# What needs to be done:
Look below for the line with "Cidade Alta Transportes". Retype it and every line after it to the end, exactly, but leave out the pictures.

# Collected material:
- Opening Delimiter -
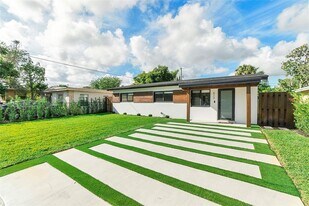 513 NW 17th Ave in Fort Lauderdale, FL - Building Photo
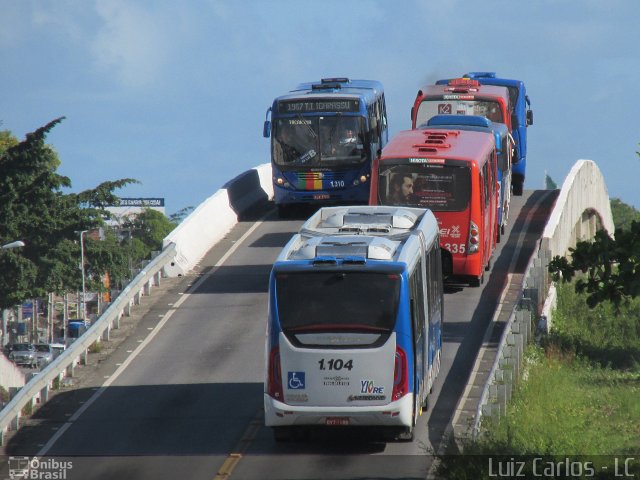 Cidade Alta Transportes 1.104 na cidade de Olinda, Pernambuco, Brasil, por Luiz Carlos de Santana. ID da foto: 3385746.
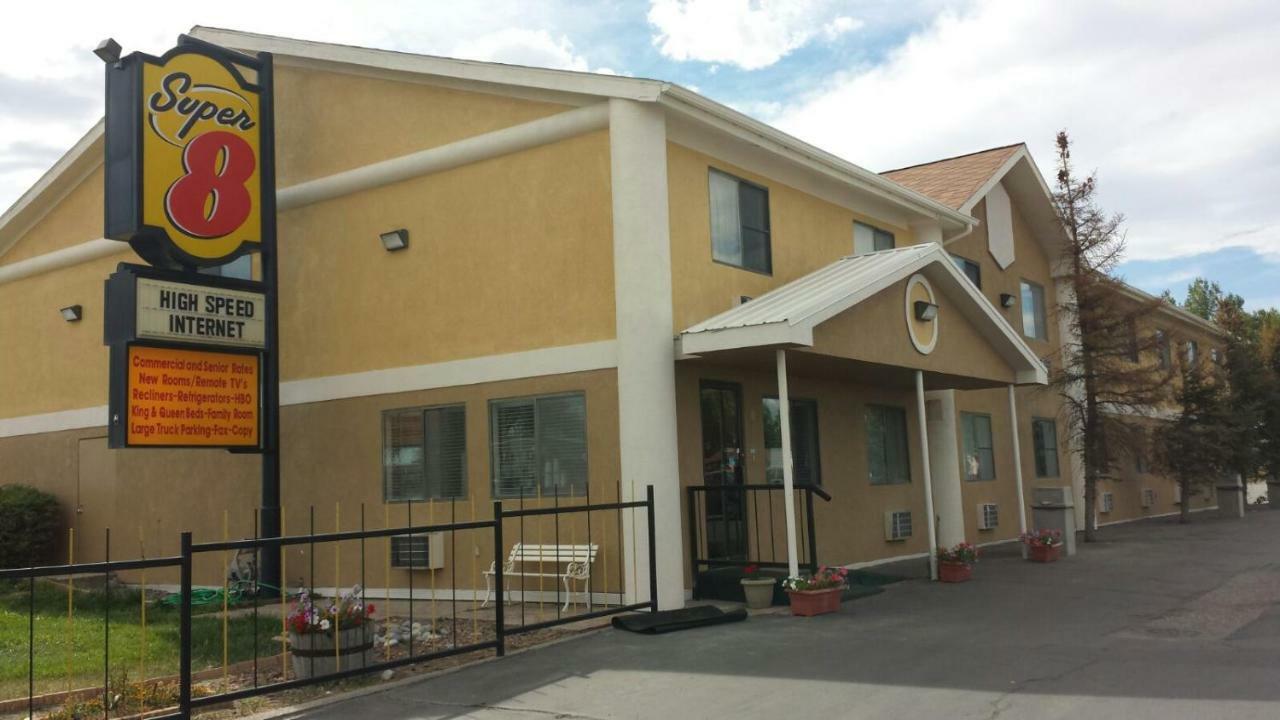 Super 8 By Wyndham Riverton Exterior foto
- Closing Delimiter -
# Response for this exercise:
 Cidade Alta Transportes 1.104 na cidade de Olinda, Pernambuco, Brasil, por Luiz Carlos de Santana. ID da foto: 3385746.
 Super 8 By Wyndham Riverton Exterior foto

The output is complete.